ABOUT THIS TASK:
Look below for the line that has "I try not to"; output exactly from it through the line that has "Hey guys, welcome", and leave the pictures out.

MATERIAL TO PROCESS:
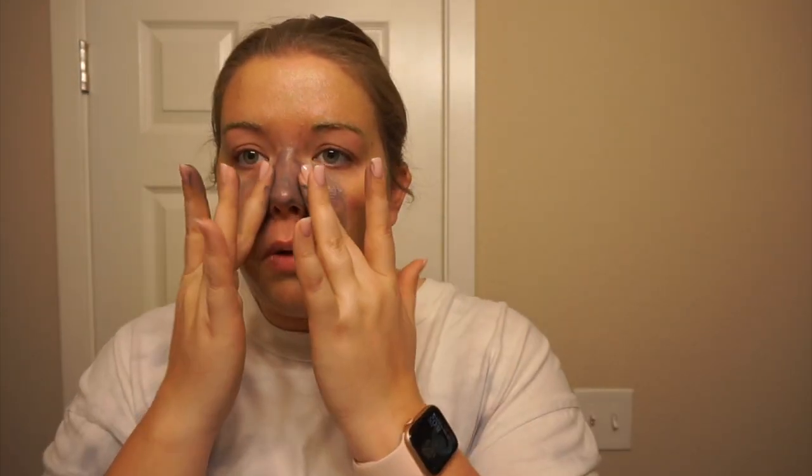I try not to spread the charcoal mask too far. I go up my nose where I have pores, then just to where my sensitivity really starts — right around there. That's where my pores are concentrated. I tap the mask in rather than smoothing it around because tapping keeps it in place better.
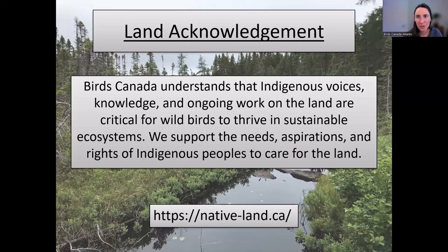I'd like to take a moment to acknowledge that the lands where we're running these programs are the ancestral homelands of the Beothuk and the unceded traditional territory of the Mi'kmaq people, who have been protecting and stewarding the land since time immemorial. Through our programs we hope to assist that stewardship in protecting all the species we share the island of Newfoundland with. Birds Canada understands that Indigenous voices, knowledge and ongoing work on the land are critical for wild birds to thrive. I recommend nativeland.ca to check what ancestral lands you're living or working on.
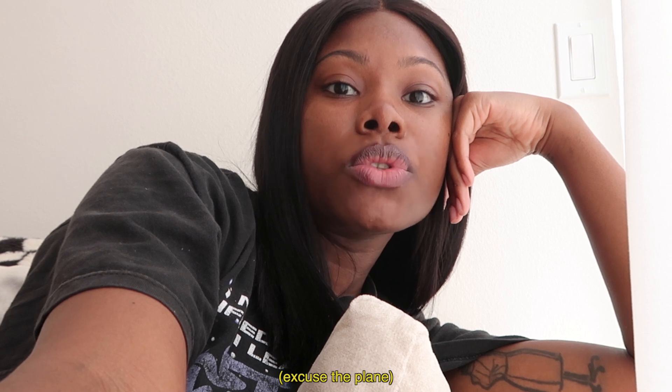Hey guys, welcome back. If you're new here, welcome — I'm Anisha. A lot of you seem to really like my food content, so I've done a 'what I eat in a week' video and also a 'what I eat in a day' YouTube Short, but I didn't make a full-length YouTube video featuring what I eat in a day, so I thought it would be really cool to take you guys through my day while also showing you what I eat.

* * *

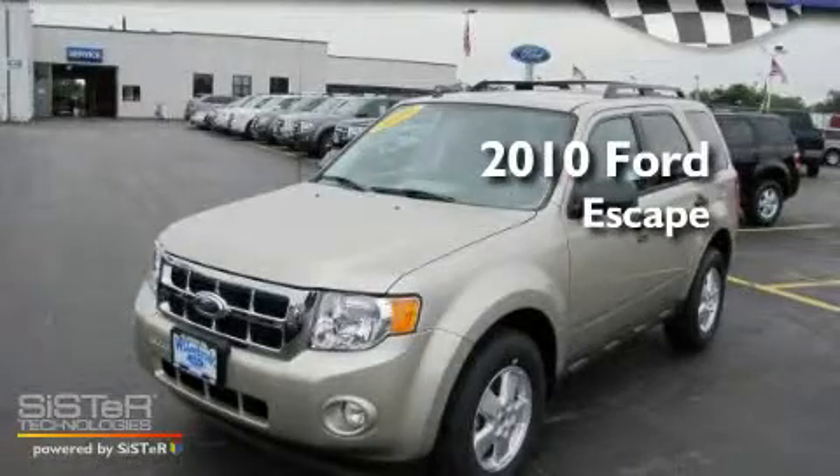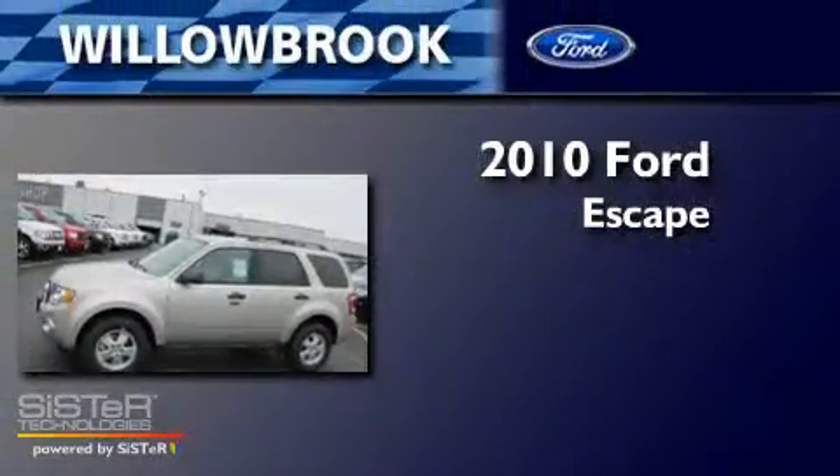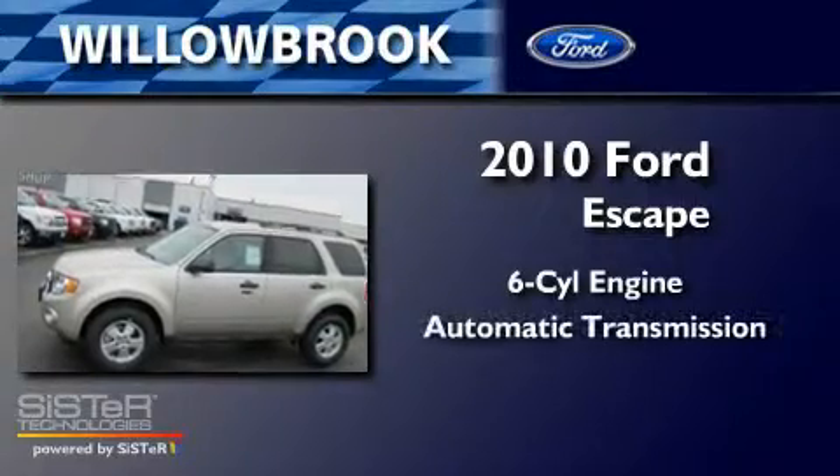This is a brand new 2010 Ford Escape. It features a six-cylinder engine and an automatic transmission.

ANSWER:
I try not to spread the charcoal mask too far. I go up my nose where I have pores, then just to where my sensitivity really starts — right around there. That's where my pores are concentrated. I tap the mask in rather than smoothing it around because tapping keeps it in place better.
I'd like to take a moment to acknowledge that the lands where we're running these programs are the ancestral homelands of the Beothuk and the unceded traditional territory of the Mi'kmaq people, who have been protecting and stewarding the land since time immemorial. Through our programs we hope to assist that stewardship in protecting all the species we share the island of Newfoundland with. Birds Canada understands that Indigenous voices, knowledge and ongoing work on the land are critical for wild birds to thrive. I recommend nativeland.ca to check what ancestral lands you're living or working on.
Hey guys, welcome back. If you're new here, welcome — I'm Anisha. A lot of you seem to really like my food content, so I've done a 'what I eat in a week' video and also a 'what I eat in a day' YouTube Short, but I didn't make a full-length YouTube video featuring what I eat in a day, so I thought it would be really cool to take you guys through my day while also showing you what I eat.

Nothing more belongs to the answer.